Represents 177,099,464 shares of Class A Common Stock reserved for issuance under the 2021 Plan as of the date of this Registration Statement plus 3,672,767 shares of Class A Common Stock available for issuance under the 2021 Plan pursuant to the forfeiture of 3,672,767 shares assumed in the merger that expired without being exercised or forfeited and became available for reissuance under the 2021 Plan. The number of shares of Class A Common Stock available for issuance under the 2021 Plan will be increased by any shares subject to assumed awards granted under the Blackmore Plan, the OURS Plan and 2017 Plan that will become available for issuance under the 2021 Plan to the extent on or after the Closing Date such awards expire or otherwise terminate without having been exercised in full, or are forfeited to or repurchased by the Registrant. As of the date hereof, no shares of Class A Common Stock are subject to options outstanding under the 2021 Plan. The maximum aggregate total number of shares that can be added to the 2021 Plan pursuant to assumed awards granted under the Blackmore Plan, the OURS Plan and 2017 Plan is 120,692,205. See footnotes 3, 4, 5 and 6 below.

(3)

Represents 77,357,420 shares of Class A Common Stock issuable upon the exercise of outstanding stock options granted under the 2017 Plan that were assumed by the Registrant.
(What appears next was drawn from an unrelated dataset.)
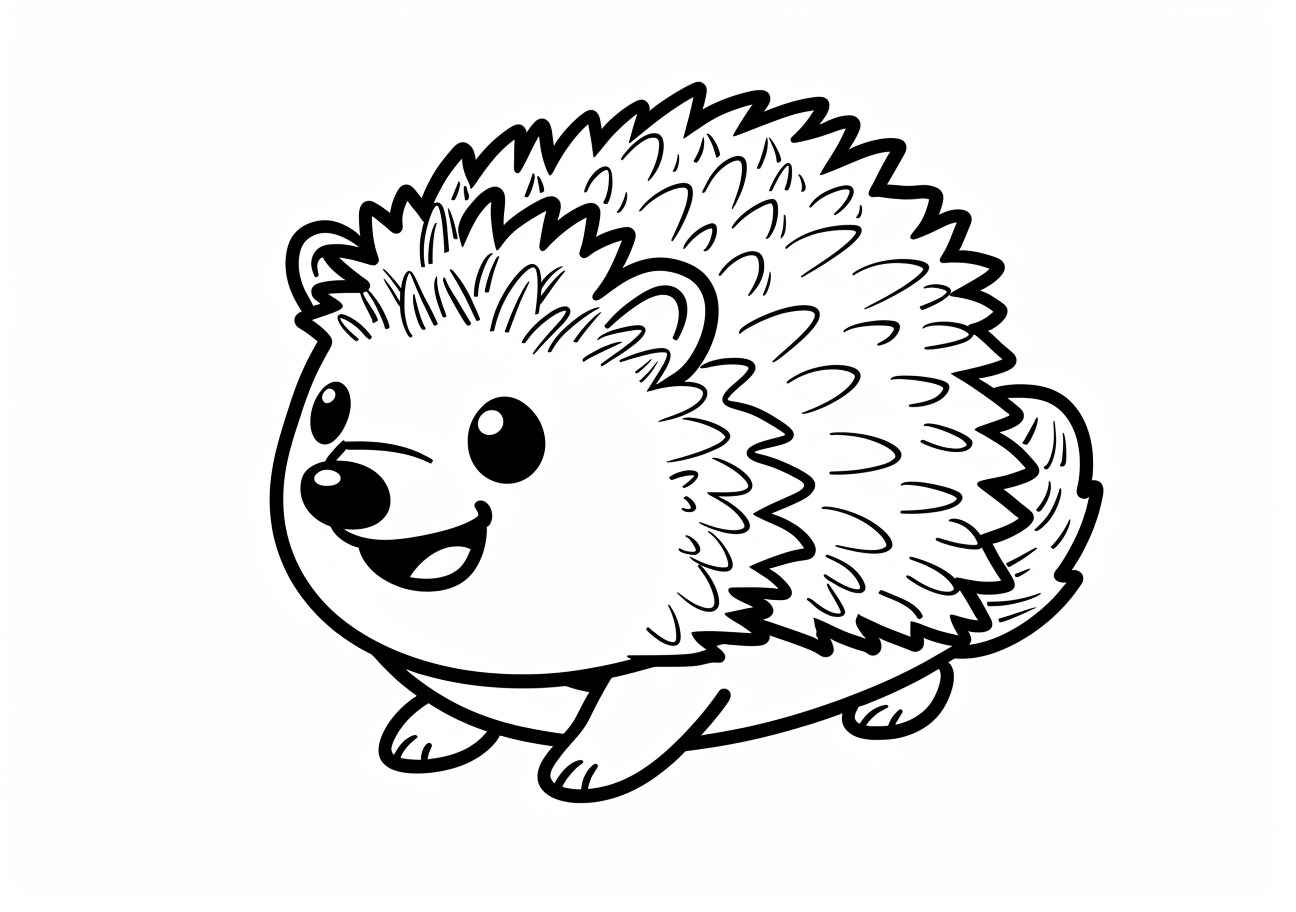 Hedgehog Coloring Pages, Hedgehog happy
No additional awards will be granted under the 2017 Plan.

(4)

Represents 32,869,446 shares of Class A Common Stock that may be issued pursuant to the vesting and settlement of restricted stock units granted under the 2017 Plan that were assumed by the Registrant. No additional awards will be granted under the 2017 Plan.

(5)

Represents 963,625 shares of Class A Common Stock as of the date of this Registration Statement issuable upon the exercise of outstanding stock options granted under the OURS Plan that were assumed by the Registrant. No additional awards will be granted under the OURS Plan.

(6)

Represents 797,290 shares of Class A Common Stock as of the date of this Registration Statement issuable upon the exercise of outstanding stock options granted under the Blackmore Plan that were assumed by the Registrant. No additional awards will be granted under the Blackmore Plan.

(7)

Pursuant to Rule 457(c) and 457(h) under the Securities Act, and solely for the purpose of calculating the registration fee, the proposed maximum offering price per share is $4.70, which is the average of the high and low prices of shares of Class A Common Stock on The Nasdaq Global Select Market on March 9, 2022 (such date being within five business days of the date that this Registration Statement was filed with the U.S. Securities and Exchange Commission (the “SEC”)).

(8)

Estimated in accordance with Rule 457(h) solely for the purpose of calculating the registration fee on the basis of $1.2144 per share, the weighted-average exercise price of stock option awards outstanding under the 2017 Plan as of the date of this Registration Statement.

(9)

Estimated in accordance with Rule 457(h) solely for the purpose of calculating the registration fee on the basis of $0.2328 per share, the weighted-average exercise price of stock option awards outstanding under the OURS Plan as of the date of this Registration Statement.

(10)

Estimated in accordance with Rule 457(h) solely for the purpose of calculating the registration fee on the basis of $0.13 per share, the weighted-average exercise price of stock option awards outstanding under the Blackmore Plan as of the date of this Registration Statement.